Dalam konstruksi kasus Rohadi itu sendiri, kata Saleh, tidak seharusnya terpidana itu dijerat dengan Pasal 12 huruf a karena bukan merupakan otak pelaku utama terjadinya skandal suap kasus Saiful Jamil.
“Jadi begini logikanya, setiap kasus pidana yang melibatkan banyak orang pasti ada otaknya. Harus ada otaknya. Nah, oleh karena itu, ada keinginan Hakim Majelis Pengadilan Tipikor pada Majelis PN Jakarta Pusat meloloskan hakim-hakim sebagai otak, sebagai inisiator, sebagai penerima uang suap agar tidak dijerat hukum. Maka dia harus memunculkan otak pelaku dan akhirnya dibebankan kepada Rohadi,” ungkap Saleh saat dikonfirmasi melalui sambungan teleponnya, Rabu (20/11/2019).
Menurut Saleh, Rohadi selama ini hanya menjadi korban, kendati melakukan kesalahan. Pasalnya, dia memikul beban pidana yang dilakukan oleh atasannya.
“Kalau hakim tidak menjadikan Rohadi sebagai otak dari pelaku pidana, maka Majelis Hakim akan terbebani untuk mencari otak lainnya, karena sebuah tindak pidana yang melibatkan banyak orang mesti ada otak pelakunya. Mereka berniat menyelamatkan hakim-hakim penerima suap itu sehingga membebani otak kepada Rohadi,” ungkapnya.
Saleh menambahkan, pada tingkat Pengadilan Tipikor di Pengadilan Negeri (PN) Jakarta Pusat, Rohadi divonis dengan hukuman berat dan memikul beban pidana yang melampaui perbuatannya. Sementara para penikmat suap yang menjadi otak itu sendiri masih lolos dari jeratan hukum.
“Dia dihukum dengan Pasal 12 huruf a, sementara perbuatannya dia itu mestinya layak dihukum dengan Pasal 11 UU Tipikor,” ujar Saleh.
Kekeliruan ini, menurut Saleh terjadi secara terang benderang. Pasalnya, dari konstruksi hukumnya, Rohadi saat itu hanya menjadi perantara dan tidak dalam jabatan untuk menentukan hukuman itu berat atau ringan. Dia hanya menghubungkan, bukan sebagai panitera pengganti dan tidak menikmati uang suap. Semua fakta hukum itu sudah dijelaskan secara eksplisit. Itu di setting oleh Bertha, selaku pengacara Saiful Jamil, Rohadi dijadikan sebagai penghubung antara pemberi suap, Bertha itu sendiri dan penerima suap Hakim Ifa dan kawan-kawannya.

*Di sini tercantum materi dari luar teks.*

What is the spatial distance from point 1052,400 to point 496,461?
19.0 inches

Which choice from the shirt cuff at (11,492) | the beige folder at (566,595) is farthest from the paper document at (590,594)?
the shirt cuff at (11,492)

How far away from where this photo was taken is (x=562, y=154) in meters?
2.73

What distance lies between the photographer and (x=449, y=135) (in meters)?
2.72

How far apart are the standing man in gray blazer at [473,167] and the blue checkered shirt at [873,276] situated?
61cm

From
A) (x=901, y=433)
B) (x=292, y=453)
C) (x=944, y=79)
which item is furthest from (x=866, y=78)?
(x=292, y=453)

“Nah, dalam proses peradilan, hakim itu tidak mempertimbangkan fakta-fakta hukum yang berkembang, dengan istilahnya Pasal 12 huruf a itu kan pasal keranjang sampah. Jadi setiap kali ada terdakwa korupsi, itu lebih mudah diarahkan ke pasal itu karena hukumannya tinggi,” tukasnya.

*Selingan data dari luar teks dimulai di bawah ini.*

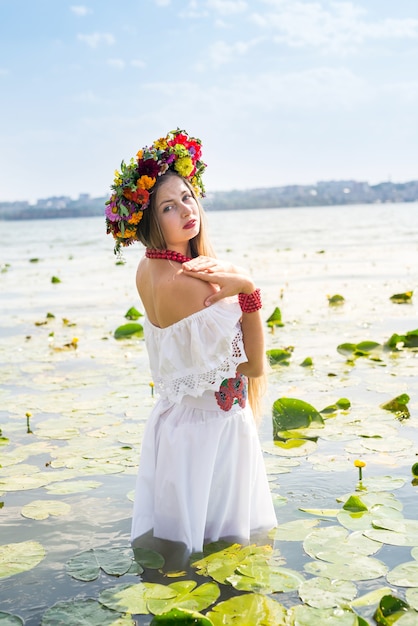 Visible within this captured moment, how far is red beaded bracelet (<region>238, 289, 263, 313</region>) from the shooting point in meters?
3.08

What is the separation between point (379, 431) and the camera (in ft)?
14.8

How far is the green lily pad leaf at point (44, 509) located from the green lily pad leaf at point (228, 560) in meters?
0.94

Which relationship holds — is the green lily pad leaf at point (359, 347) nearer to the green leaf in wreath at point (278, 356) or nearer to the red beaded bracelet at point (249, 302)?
the green leaf in wreath at point (278, 356)

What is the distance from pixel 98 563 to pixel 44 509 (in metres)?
0.68

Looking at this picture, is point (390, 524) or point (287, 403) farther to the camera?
point (287, 403)

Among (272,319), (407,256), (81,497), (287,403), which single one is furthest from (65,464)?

Sementara itu, ketika hakim-hakim bisa memberikan vonis berat bagi para terdakwa korupsi maka sosial publik akan menilai mereka hebat dan berhasil.

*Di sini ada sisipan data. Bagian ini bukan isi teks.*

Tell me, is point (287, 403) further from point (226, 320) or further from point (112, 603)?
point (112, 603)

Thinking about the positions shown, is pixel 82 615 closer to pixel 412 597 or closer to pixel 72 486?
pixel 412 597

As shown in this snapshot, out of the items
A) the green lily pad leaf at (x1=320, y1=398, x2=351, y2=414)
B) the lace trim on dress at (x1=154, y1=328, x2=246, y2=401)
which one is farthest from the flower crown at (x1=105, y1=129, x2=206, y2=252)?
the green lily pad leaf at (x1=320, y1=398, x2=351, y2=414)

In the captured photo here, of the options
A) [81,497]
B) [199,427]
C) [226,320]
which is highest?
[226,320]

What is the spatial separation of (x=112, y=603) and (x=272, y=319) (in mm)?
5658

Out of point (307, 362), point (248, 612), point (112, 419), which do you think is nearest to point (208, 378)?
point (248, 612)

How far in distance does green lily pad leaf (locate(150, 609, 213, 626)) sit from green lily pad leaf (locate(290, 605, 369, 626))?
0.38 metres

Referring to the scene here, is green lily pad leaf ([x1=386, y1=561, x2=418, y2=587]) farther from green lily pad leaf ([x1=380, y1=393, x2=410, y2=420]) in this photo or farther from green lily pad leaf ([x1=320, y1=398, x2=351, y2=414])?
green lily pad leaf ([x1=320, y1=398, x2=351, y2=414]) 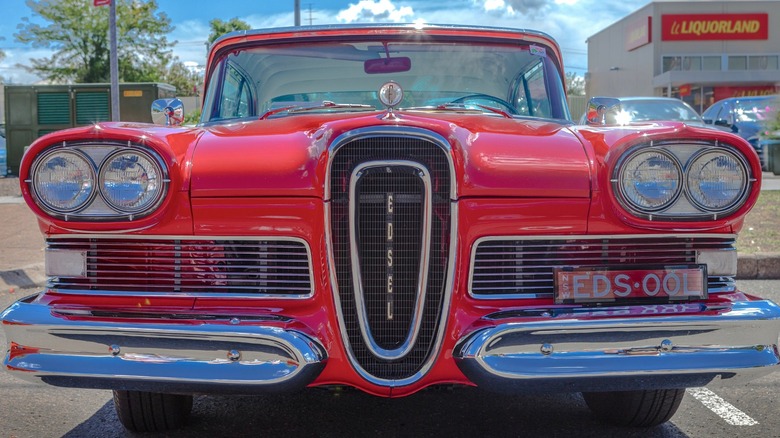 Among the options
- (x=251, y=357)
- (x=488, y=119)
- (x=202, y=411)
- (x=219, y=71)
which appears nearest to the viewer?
(x=251, y=357)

“Hakimnya diselimuti cara pandang seperti itu, jadi hakim yang menghukum terdakwa korupsi akan semakin tinggi semakin terhormat, padahal perbuatan Rohadi tidak memenuhi kualifikasi untuk dihukum dengan Pasal 12 huruf a,” ungkapnya.
Oleh karena itu, Saleh meyakini proses Peninjauan Kembali (PK) yang diajukan Rohadi akan disetujui Pengadilan Negeri (PN) Tipikor Jakarta Pusat dan juga Mahkamah Agung, pasalnya hanya melalui PK inilah kasus itu bisa dibuka kembali dan otak yang menjadi pelaku utamanya bisa dikuak dan ditangkap.
“Saya tegaskan beberapa kali tidak ada alasan Majelis Hakim PK untuk tidak menerima Pknya Rohadi. Pertama karena bukti-bukti sebanyak 33 alat bukti sudah clear, sekaligus bahan hukum yurisprudensi dari kontruksi kasus yang sama yakni putusan Tarmizi dan itu sudah jelas hampir kita mungkin kita beranjak dari logikan hukum jika ditolak sementara PK Tarmizi sudah diterima,” jelasnya.
Saleh menyampaikan, jika ada penolakan dalam PK Rohadi, berarti ada sesuatu institusi mulia yang seharusnya bisa memberikan keadilan bagi masyarakat.
“Kalau menolak ada sesuatu dan dia harus berkorban atas kehancuran institusi keadilan tingkat akhir itu, karena Tarmizi sudah diterima untuk kasus yang sama. Perkara dengan konstruksi yang sama. Kalau mereka tidak terima kan, makin hancur, karena semua sudah tahu dan sudah tersiar secara nasional,” pungkasnya.
Kendati demikian, Saleh mengaku optimis PK Rohadi akan dikabulkan Mahkamah Agung melalui Majelis Hakim PK yang akan dibentuknya.
“Untuk sementara hampir semua orang termasuk ahli, bahkan hakim-hakim MA itu sendiri yang dikomunikasikan secara langsung. Mereka mengatakan bahwa peluang proses PK Rohadi diterima MA 99 persen diterima karena bukti-bukti kuat yang diajukannya,” kata Saleh.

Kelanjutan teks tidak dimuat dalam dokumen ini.